# Pictures with short captions
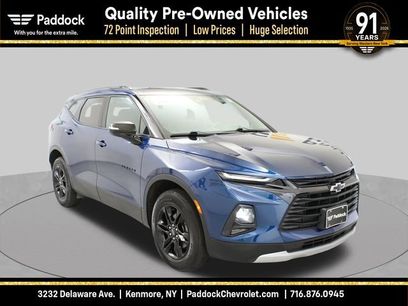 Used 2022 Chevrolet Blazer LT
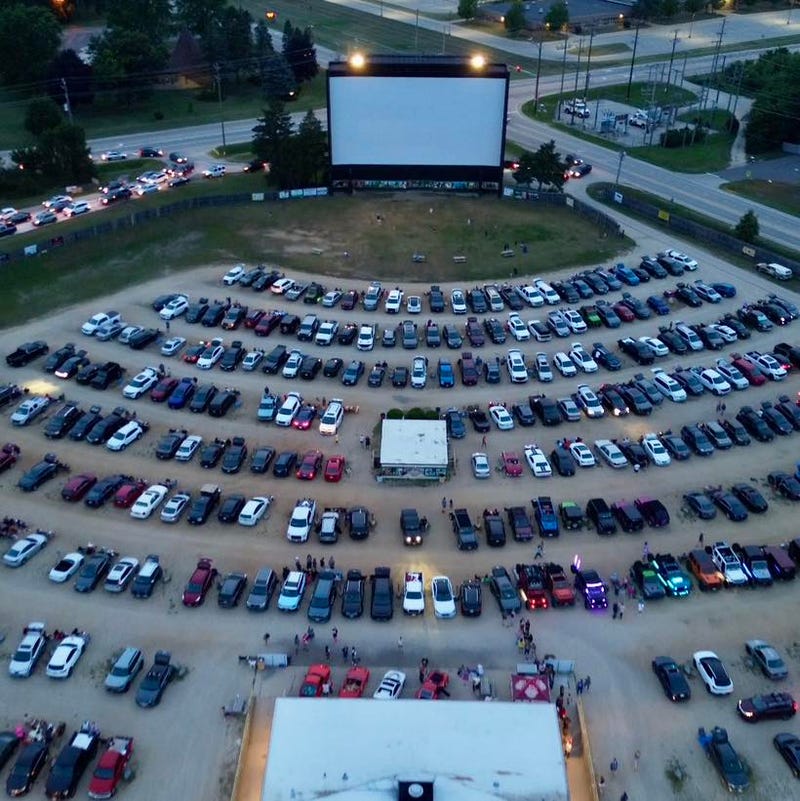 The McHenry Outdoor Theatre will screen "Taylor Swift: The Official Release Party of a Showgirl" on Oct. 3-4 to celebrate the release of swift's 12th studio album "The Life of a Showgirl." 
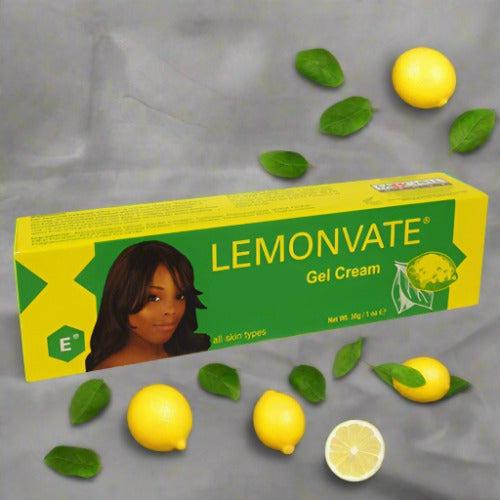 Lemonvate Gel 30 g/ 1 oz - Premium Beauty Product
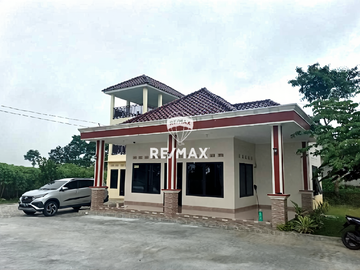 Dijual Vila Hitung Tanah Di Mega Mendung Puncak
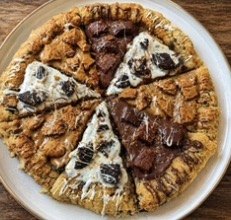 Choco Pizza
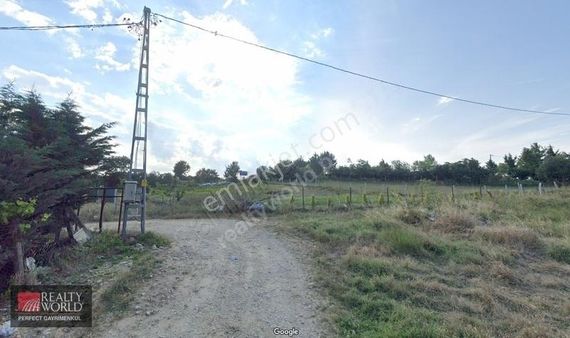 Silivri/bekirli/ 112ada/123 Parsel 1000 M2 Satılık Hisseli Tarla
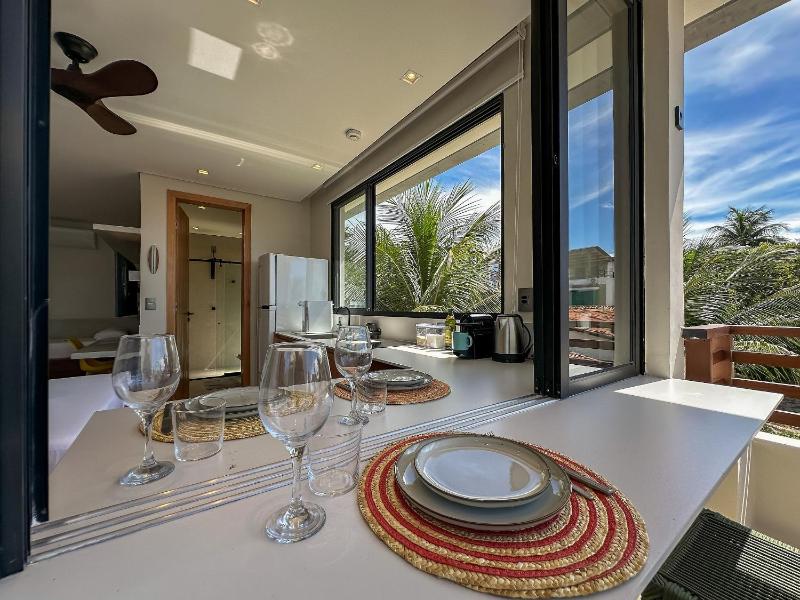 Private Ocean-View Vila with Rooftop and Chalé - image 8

# YOUR ASSIGNMENT
Transcribe the records above verbatim. Do not carry over any picture.

# EXERCISE OUTPUT
 Used 2022 Chevrolet Blazer LT
 The McHenry Outdoor Theatre will screen "Taylor Swift: The Official Release Party of a Showgirl" on Oct. 3-4 to celebrate the release of swift's 12th studio album "The Life of a Showgirl." 
 Lemonvate Gel 30 g/ 1 oz - Premium Beauty Product
 Dijual Vila Hitung Tanah Di Mega Mendung Puncak
 Choco Pizza
 Silivri/bekirli/ 112ada/123 Parsel 1000 M2 Satılık Hisseli Tarla
 Private Ocean-View Vila with Rooftop and Chalé - image 8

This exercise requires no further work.